A paradigm shift is needed. The political will needed to respond to this crisis at scale simply does not exist. We need a new movement of people around the world calling on their leaders to step up to the challenge and take action to protect our biosphere and our climate. Philanthropic funding must also be dramatically increased if we are to ensure that the life support systems of planet will continue to function and be habitable for future generations. This will be challenging as the world becomes more unstable with refugee crises and other forms of global conflict, many of which can be partially attributed, to climate change []. Individuals in positions of power -- from funders, to government officials, to corporate leaders -- are not acting quickly enough. As they put out the fires on their doorsteps, they are not seeing the superstorm of climate impacts approaching. 

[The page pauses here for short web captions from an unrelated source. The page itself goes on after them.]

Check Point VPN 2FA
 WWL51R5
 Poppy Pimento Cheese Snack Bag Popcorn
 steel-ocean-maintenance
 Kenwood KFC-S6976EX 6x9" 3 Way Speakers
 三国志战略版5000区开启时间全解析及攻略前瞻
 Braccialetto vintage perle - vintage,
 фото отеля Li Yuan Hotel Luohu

The objective is now clear. With the release of the IPCC’s Special Report Global Warming of 1.5˚C, it’s now clear we must stay below this dangerous threshold. Just a decade ago this was considered a radical position, but with just 1.1˚C in global average temperature rise (a threshold breached in 2018), we have seen a sequence of disastrous impacts surpassing predictions – extreme storms, flooding, heat waves, drought, and fires amplified by our changing climate []. Texas, a state known for electing climate change deniers, has seen its third 500-year flood this past decade. In early 2020 Australia reached 1.5˚C of regional temperature rise, resulting in devastating fires across the entire sub-continent. A wave of new reports makes it clear that if the global temperature were to climb to 2˚C -- the ceiling established by the Paris Agreement -- the world we know today would be unrecognizable. One-quarter of all arable lands would turn to desert [], the world’s coral reefs and many fisheries would collapse [], sea levels could rise as much as 1 meter in some regions [], stronger and more frequent hurricanes would wrack coastal communities [], and more than 100 million people would be displaced from their homes [].

A different future is possible. This crisis can be averted. We can protect our biosphere and create a world where both nature and humanity can coexist and thrive together. We can stay below the 1.5˚C threshold, but to do so three pillars of action are required: (1) a transformation of our energy systems to 100% clean, renewable energy by 2050 (56% by 2030 and 90% by 2040); (2) protection, restoration, and connection of 50% of our lands and seas; and (3) a transition to regenerative agriculture with net negative emissions from the sector.